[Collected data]

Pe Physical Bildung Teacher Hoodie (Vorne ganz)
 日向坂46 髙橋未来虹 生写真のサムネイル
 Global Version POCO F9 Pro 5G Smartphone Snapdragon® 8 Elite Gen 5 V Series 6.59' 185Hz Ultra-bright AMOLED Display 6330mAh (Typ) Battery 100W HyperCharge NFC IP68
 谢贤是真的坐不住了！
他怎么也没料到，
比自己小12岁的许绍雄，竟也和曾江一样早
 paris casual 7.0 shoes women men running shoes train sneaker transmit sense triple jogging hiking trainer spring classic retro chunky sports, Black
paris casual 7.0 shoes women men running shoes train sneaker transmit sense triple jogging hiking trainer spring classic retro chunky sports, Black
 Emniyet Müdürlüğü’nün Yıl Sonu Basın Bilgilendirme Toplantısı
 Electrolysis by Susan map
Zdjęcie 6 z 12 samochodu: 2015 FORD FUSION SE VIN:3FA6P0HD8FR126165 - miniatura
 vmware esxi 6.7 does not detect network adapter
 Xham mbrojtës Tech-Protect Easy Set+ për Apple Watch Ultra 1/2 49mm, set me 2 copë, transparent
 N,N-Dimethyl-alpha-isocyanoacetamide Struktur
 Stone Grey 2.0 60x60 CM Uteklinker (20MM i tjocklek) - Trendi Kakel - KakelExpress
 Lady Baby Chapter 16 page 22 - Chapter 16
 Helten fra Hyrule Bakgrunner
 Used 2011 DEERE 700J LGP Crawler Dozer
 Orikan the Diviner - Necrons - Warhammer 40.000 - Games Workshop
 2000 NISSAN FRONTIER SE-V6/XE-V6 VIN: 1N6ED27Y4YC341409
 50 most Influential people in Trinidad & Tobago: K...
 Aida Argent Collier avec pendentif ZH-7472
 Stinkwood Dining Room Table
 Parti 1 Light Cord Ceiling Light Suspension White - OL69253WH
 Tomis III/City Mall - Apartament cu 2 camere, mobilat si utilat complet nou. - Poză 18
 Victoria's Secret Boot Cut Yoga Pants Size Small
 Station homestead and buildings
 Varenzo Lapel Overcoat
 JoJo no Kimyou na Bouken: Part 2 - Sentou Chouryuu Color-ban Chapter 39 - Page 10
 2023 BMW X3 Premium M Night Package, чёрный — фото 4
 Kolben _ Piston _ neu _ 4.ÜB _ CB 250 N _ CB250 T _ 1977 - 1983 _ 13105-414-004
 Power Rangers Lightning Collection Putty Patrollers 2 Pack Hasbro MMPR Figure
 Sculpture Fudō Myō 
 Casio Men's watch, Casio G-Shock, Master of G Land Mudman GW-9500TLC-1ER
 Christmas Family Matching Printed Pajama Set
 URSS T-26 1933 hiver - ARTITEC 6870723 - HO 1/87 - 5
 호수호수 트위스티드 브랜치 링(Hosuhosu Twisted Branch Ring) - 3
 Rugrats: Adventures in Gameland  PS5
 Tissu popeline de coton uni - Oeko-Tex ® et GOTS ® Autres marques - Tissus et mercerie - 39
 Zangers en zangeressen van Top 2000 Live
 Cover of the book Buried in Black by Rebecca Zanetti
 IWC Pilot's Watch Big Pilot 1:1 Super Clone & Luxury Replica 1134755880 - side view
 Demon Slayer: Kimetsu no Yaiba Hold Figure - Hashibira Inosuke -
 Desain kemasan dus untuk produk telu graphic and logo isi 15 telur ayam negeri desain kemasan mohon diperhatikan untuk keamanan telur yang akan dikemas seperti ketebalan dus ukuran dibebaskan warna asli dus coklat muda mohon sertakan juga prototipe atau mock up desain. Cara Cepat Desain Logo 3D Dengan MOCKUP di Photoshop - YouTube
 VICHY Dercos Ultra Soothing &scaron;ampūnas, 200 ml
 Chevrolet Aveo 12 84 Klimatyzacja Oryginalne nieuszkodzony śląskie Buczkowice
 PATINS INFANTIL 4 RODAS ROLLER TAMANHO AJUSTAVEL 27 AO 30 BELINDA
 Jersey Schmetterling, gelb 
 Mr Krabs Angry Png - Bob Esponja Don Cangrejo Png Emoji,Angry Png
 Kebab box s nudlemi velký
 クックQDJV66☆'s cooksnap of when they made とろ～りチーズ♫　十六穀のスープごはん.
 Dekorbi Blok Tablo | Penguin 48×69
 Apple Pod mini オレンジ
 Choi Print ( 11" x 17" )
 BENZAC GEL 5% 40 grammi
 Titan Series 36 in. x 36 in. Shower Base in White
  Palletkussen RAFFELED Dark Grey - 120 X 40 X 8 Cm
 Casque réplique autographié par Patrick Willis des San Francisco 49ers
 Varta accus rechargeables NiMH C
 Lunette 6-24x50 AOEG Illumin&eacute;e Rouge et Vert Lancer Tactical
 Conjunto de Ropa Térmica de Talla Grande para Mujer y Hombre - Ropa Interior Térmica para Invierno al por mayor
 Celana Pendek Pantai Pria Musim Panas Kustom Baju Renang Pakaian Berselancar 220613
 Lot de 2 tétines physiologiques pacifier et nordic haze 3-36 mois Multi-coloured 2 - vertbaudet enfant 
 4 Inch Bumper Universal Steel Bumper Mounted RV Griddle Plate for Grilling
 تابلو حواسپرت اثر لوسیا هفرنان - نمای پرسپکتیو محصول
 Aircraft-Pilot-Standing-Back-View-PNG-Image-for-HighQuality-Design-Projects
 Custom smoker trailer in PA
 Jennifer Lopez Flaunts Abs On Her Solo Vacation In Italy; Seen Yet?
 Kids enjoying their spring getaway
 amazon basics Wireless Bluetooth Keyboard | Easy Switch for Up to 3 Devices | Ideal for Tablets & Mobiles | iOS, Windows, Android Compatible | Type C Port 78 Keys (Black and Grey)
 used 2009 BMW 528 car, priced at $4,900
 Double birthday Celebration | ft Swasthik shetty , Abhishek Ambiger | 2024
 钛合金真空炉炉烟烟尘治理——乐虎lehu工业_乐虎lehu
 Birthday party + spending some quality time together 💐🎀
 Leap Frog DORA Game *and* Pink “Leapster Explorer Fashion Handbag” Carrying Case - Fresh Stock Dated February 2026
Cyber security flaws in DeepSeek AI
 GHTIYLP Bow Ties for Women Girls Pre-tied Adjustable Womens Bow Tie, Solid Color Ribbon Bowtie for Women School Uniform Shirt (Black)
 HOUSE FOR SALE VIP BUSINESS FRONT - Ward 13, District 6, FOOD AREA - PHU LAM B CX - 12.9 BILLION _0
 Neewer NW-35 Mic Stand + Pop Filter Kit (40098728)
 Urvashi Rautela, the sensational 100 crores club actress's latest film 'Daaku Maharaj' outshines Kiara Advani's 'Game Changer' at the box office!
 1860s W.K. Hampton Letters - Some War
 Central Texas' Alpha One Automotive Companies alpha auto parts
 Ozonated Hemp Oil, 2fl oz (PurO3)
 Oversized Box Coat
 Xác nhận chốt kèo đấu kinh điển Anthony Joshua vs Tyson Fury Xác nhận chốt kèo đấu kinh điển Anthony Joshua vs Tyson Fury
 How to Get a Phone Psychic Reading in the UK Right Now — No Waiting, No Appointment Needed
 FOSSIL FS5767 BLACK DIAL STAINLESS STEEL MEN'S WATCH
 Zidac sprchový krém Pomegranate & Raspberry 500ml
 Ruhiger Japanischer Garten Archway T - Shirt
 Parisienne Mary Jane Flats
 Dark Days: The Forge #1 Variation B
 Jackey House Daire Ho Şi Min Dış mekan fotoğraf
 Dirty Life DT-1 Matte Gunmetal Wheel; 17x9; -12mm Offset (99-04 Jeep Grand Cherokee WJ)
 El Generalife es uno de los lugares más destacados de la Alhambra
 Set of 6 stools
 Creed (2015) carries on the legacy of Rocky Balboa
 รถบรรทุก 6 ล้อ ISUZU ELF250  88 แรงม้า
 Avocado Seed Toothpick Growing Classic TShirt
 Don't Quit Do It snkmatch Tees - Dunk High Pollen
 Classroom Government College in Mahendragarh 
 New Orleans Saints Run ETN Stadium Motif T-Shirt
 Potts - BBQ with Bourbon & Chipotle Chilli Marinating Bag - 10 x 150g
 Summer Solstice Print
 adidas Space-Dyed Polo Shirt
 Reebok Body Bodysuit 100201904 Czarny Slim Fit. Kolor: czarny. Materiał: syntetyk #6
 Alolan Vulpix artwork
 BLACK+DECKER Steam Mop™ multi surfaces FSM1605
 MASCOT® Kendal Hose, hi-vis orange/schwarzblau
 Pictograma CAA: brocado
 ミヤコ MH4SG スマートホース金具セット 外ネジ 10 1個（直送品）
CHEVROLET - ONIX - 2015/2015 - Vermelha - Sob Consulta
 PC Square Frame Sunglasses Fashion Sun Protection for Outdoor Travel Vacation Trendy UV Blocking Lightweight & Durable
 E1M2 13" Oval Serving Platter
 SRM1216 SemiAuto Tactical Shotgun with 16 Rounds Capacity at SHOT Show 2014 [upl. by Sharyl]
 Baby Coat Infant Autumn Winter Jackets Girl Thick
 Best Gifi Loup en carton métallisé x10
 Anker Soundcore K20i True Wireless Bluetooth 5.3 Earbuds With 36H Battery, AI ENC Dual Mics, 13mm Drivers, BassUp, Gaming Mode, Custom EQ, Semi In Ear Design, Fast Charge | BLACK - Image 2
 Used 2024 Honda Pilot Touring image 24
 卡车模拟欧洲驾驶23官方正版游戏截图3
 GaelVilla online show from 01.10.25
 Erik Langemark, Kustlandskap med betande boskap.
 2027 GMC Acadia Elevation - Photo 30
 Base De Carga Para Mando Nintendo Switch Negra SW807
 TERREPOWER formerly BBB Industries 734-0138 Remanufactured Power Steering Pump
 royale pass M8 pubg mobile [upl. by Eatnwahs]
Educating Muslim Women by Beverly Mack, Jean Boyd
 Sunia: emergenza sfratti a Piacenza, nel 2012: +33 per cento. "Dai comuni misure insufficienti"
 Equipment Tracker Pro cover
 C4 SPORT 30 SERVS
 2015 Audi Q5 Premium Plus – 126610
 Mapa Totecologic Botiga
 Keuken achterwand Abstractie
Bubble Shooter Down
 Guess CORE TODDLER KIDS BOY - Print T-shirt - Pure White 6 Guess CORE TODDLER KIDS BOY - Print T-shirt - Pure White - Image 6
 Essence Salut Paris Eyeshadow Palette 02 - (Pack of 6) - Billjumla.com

▶ [Activity]: Above are the records; print exactly the lines from the line with "JoJo no Kimyou" to the line with "Zangers en zangeressen van Top 2000 Live", including both, and nothing else.

▶ [Answer for the task]:
 JoJo no Kimyou na Bouken: Part 2 - Sentou Chouryuu Color-ban Chapter 39 - Page 10
 2023 BMW X3 Premium M Night Package, чёрный — фото 4
 Kolben _ Piston _ neu _ 4.ÜB _ CB 250 N _ CB250 T _ 1977 - 1983 _ 13105-414-004
 Power Rangers Lightning Collection Putty Patrollers 2 Pack Hasbro MMPR Figure
 Sculpture Fudō Myō 
 Casio Men's watch, Casio G-Shock, Master of G Land Mudman GW-9500TLC-1ER
 Christmas Family Matching Printed Pajama Set
 URSS T-26 1933 hiver - ARTITEC 6870723 - HO 1/87 - 5
 호수호수 트위스티드 브랜치 링(Hosuhosu Twisted Branch Ring) - 3
 Rugrats: Adventures in Gameland  PS5
 Tissu popeline de coton uni - Oeko-Tex ® et GOTS ® Autres marques - Tissus et mercerie - 39
 Zangers en zangeressen van Top 2000 Live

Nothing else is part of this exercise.